Muhammad's eldest son and successor, Khur Shah, had had a falling out with his father. Muhammad used to torment the boy, keeping him shut up in the womens' quarters of Alamout (from which the boy would escape to drink wine.) Khur Shah conspired with Nizami nobles to foment a coup. One day Muhammad went out to the sheep folds in the valley with his favorite catamite, Hasan-i-Mazanderani. This handsome youth had fled from the Mongols to Alamout, and Muhammad had developed a passion for him, giving Hasan-i-Mazanderani his own mistress for wife but continuing to openly sleep with both. Muhammad never returned from his night out in the valley; his decapitated body was found in the morning. Juvaini suggests it was Hasan (on Khur Shah's instigation) killed Muhammad. Soon afterwards, Khur Shah's men decapitated Hasan.
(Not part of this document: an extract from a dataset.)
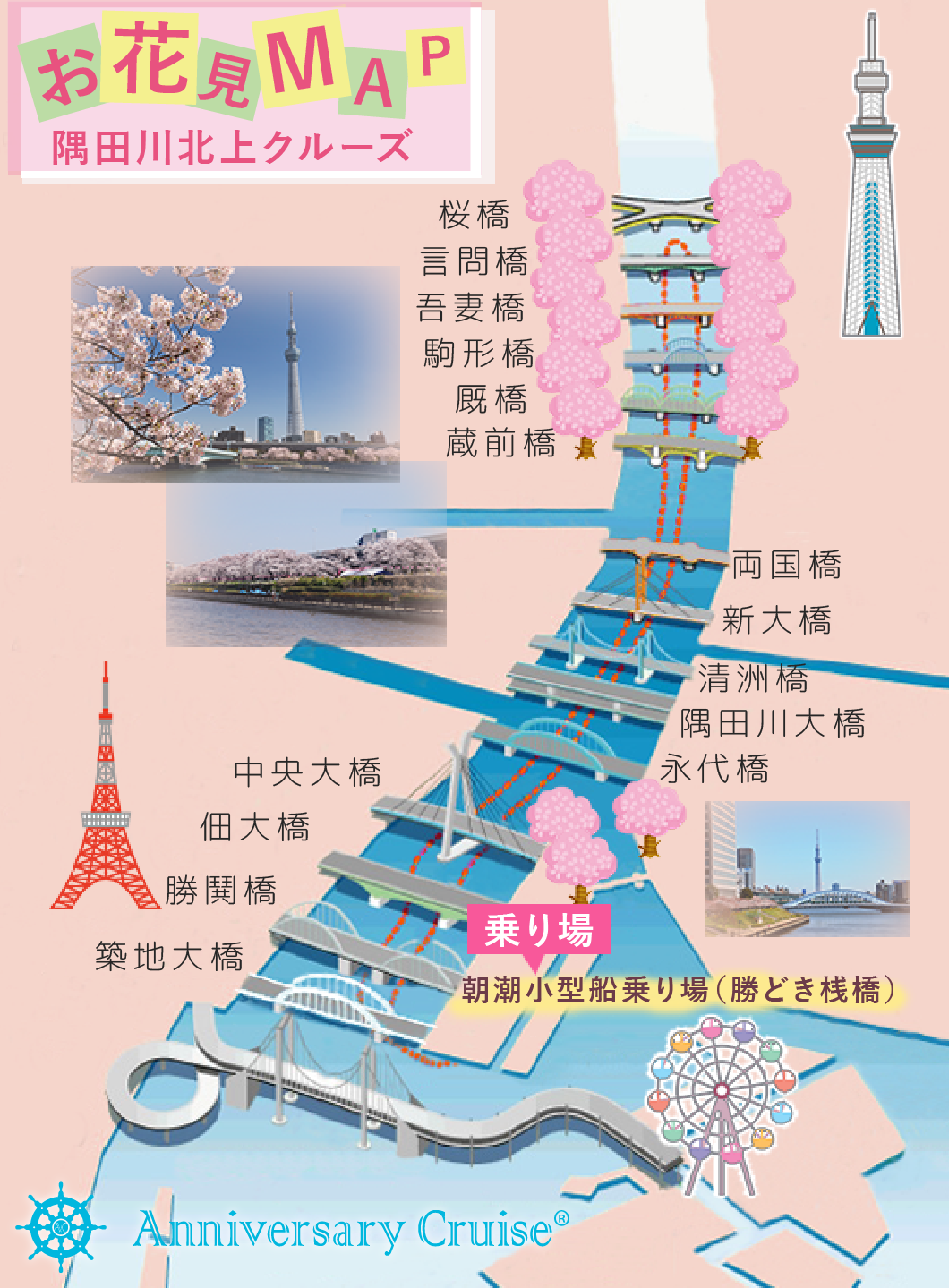 隅田川北上お花見MAP◆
Hülegü Khan reached Nizari territory in Qohistan in 1256. By autumn, the Mongols were in the valley below the castle of Maymun Diz where Khur Shah was holed up. Khur Shah first sent his brother Shahenshah to offer submission. Hülegü asked Khur shah to dismantle Alamout and come himself in submission. While the Nizaris prevaricated, Hülegü bombarded Maymun Diz with mangonels and naphtha; the next day Khur Shah came down in surrender. With their leader captive, after a few days the garrison at Alamout surrendered; Juvaini was with the Mongols as they moved in to destroy the stronghold, and managed to save a portion of Hasan Sabbah's famous library, including astrolabes and Qurans. The Nizari texts he burnt; a blot on all his erudition to this day. Juvaini writes that within the rock bastions of Alamout were hollow tanks to store all sorts of provender needed to withstand long sieges; a Mongol waded into such a pool of honey and so deep was it that he nearly drowned.
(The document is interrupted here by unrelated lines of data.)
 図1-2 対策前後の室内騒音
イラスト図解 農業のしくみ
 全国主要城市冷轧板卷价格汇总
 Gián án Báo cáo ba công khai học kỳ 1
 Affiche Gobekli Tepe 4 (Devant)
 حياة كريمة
After the fall of Alamout, Khur Shah's utility to the Mongols was low. He is said to have fallen in love with a Mongol girl and allowed to marry her. When he professed a love for witnessing camel-fights, he was given a hundred particularly vicious male camels to be able to enjoy the spectacle. In time he asked to be sent to the court of the khagan; Möngke denied his request for audience, receiving his formal surrender by proxy; and then ordered him killed on his journey back, saying that Khur Shah was not worth providing with the relay-horses his journey back to Alamout would take.

After the fall of Alamout, Nizari clans continued to live secretly in Azerbaijan. In the 14th century, they sent missionaries to India, where newly converted Ismailis came to be known as Khoja Mussulmans (from the Arabic khwaja, or lord.) Ismailism had been adapted for India; for the Khojas, all prophets and Imams are the same, and they retain many Hindu traditions, including a variation of the Vaishnavite belief in the Dashavatara. Khojas believe Ali was Kalki, the last avatar of Vishnu.

In the 19th century, the Ismaili imam Hasan Ali received the honorific of Aga Khan from the Shah, but had to flee to India after a subsequent falling out. After some bitter power struggles, the British adjudicated the Aga Khan's claim to the Imamate and Sir Joseph Arnold of Bombay High Court ruled that the Khojas were undoubtedly the descendants of the Assassins and that the Aga Khan was the descendant of the Lord of Alamout; so he is regarded by the Khojas to this day.